Die systematischen Messreihen mit diesem maßgeschneiderten Modellsystem erlaubten fundamentale Einblicke in die Biophysik derProteinfaltung: Durch mathematische Ableitungen, ausgehend von den Gesetzmäßigkeiten der Thermodynamik, bestimmten die TUM-Forscher erstmals die Naturkonstante der Proteinfaltung. Sie konnten beweisen, dass sich Proteine nicht nur bei hohen Temperaturen und Drücken, sondern auch bei negativen Temperaturen und – soweit erreichbar – „negativen Drücken“ entfalten. Daraus ergab sich die Schlussfolgerung, dass Proteine ganz allgemein innerhalb eines ellipsenförmigen Bereichs des Druck/Temperatur-Diagramms gefaltet sind.

Rätsel um Proteinfaltung lösen

Auch wenn es schon aus früheren Untersuchungen entsprechende Hinweise gab, konnten die Weihenstephaner Wissenschaftler dieses biomolekulare Verhalten erstmals in allgemeiner Form bestätigen und vor allem eine theoretische Begründung dafür liefern, dass es sich zwangsläufig aus der physikalischen Natur der Proteine ergibt.

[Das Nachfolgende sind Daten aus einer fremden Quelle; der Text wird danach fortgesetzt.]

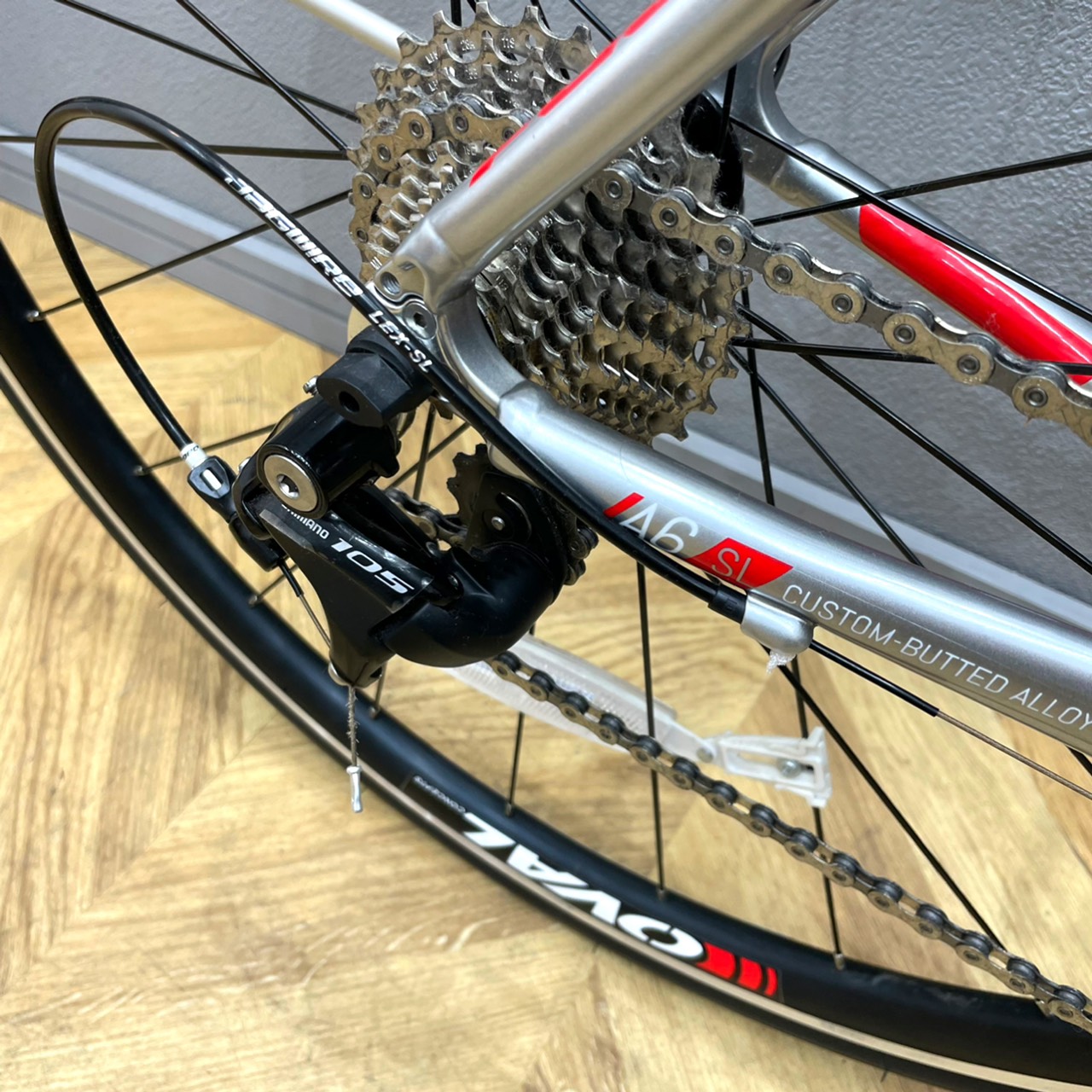 FUJI ROUBAIX 1.3 ルーベ3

Langfristig, so glauben die TUM-Forscher, wird diese Entdeckung dabei helfen, das bislang in der Biochemie ungelöste Problem der Proteinfaltung zu knacken. Darüber hinaus ergeben sich mögliche praktische Anwendungen zum Beispiel bei der Stabilisierung von Waschmittel- oder Lebensmittelenzymen bei hohen oder niedrigen Temperaturen, oder bei der Behandlung von Proteinfaltungskrankheiten wie der Creutzfeldt-Jakob-Krankheit, der Alzheimer-Erkrankung oder dem „Rinderwahnsinn“ BSE.